Return exactly the lines below, starting with the one that has "Paul Frazee" and going on through the one that has "Technische Zeichnung: Walterscheid".

◆ Stored data:
+ + + +

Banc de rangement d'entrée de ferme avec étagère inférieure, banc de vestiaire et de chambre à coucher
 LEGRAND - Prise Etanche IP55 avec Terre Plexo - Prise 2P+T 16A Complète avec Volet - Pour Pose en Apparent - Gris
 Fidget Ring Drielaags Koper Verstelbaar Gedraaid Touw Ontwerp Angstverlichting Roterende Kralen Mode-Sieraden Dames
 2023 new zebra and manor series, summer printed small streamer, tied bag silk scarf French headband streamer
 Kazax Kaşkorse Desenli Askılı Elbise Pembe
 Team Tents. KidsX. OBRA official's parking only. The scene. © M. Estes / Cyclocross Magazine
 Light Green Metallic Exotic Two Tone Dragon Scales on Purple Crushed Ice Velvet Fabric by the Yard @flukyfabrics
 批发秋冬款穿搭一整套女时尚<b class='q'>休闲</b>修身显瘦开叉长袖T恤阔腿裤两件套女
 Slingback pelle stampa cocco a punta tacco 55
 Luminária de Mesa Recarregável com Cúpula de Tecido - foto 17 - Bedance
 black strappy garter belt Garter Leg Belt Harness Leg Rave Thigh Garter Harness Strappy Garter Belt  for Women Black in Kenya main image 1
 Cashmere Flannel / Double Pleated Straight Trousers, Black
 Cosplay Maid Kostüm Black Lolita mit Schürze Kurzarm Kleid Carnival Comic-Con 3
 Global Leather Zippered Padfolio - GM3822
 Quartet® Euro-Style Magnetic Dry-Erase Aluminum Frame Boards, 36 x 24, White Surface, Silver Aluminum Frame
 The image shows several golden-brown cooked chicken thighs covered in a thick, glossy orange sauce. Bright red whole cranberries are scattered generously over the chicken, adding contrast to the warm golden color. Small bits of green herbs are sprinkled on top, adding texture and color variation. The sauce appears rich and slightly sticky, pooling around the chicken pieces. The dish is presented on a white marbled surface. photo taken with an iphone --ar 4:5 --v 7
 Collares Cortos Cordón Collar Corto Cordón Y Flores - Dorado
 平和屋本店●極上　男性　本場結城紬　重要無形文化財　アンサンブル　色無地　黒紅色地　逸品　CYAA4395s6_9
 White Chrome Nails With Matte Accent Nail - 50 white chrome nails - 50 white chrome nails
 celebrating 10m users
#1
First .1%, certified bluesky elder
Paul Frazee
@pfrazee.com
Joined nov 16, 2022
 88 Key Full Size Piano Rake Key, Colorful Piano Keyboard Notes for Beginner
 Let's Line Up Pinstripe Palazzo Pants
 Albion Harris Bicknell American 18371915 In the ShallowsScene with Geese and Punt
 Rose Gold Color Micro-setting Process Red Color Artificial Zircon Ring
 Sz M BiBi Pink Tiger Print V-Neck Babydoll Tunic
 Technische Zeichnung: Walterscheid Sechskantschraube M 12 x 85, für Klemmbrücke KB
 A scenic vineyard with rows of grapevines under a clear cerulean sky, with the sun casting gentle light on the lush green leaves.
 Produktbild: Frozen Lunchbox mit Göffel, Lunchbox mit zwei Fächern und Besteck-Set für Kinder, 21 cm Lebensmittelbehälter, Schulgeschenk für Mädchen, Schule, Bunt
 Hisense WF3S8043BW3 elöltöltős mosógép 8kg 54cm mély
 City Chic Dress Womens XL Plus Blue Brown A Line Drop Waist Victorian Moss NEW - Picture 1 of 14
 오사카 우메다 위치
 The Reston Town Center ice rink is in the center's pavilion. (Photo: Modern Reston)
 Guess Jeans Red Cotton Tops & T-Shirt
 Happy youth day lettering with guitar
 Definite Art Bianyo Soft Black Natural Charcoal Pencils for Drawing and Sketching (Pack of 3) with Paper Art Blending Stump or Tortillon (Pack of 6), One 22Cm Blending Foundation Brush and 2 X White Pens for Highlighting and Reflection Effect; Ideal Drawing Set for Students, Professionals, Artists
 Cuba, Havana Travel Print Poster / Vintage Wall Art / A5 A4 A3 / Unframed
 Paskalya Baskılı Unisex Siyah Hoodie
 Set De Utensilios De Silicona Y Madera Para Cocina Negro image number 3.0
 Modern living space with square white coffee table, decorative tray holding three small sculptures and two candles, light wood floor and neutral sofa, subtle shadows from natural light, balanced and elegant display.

+ + + +

◆ Task response:
Paul Frazee
@pfrazee.com
Joined nov 16, 2022
 88 Key Full Size Piano Rake Key, Colorful Piano Keyboard Notes for Beginner
 Let's Line Up Pinstripe Palazzo Pants
 Albion Harris Bicknell American 18371915 In the ShallowsScene with Geese and Punt
 Rose Gold Color Micro-setting Process Red Color Artificial Zircon Ring
 Sz M BiBi Pink Tiger Print V-Neck Babydoll Tunic
 Technische Zeichnung: Walterscheid Sechskantschraube M 12 x 85, für Klemmbrücke KB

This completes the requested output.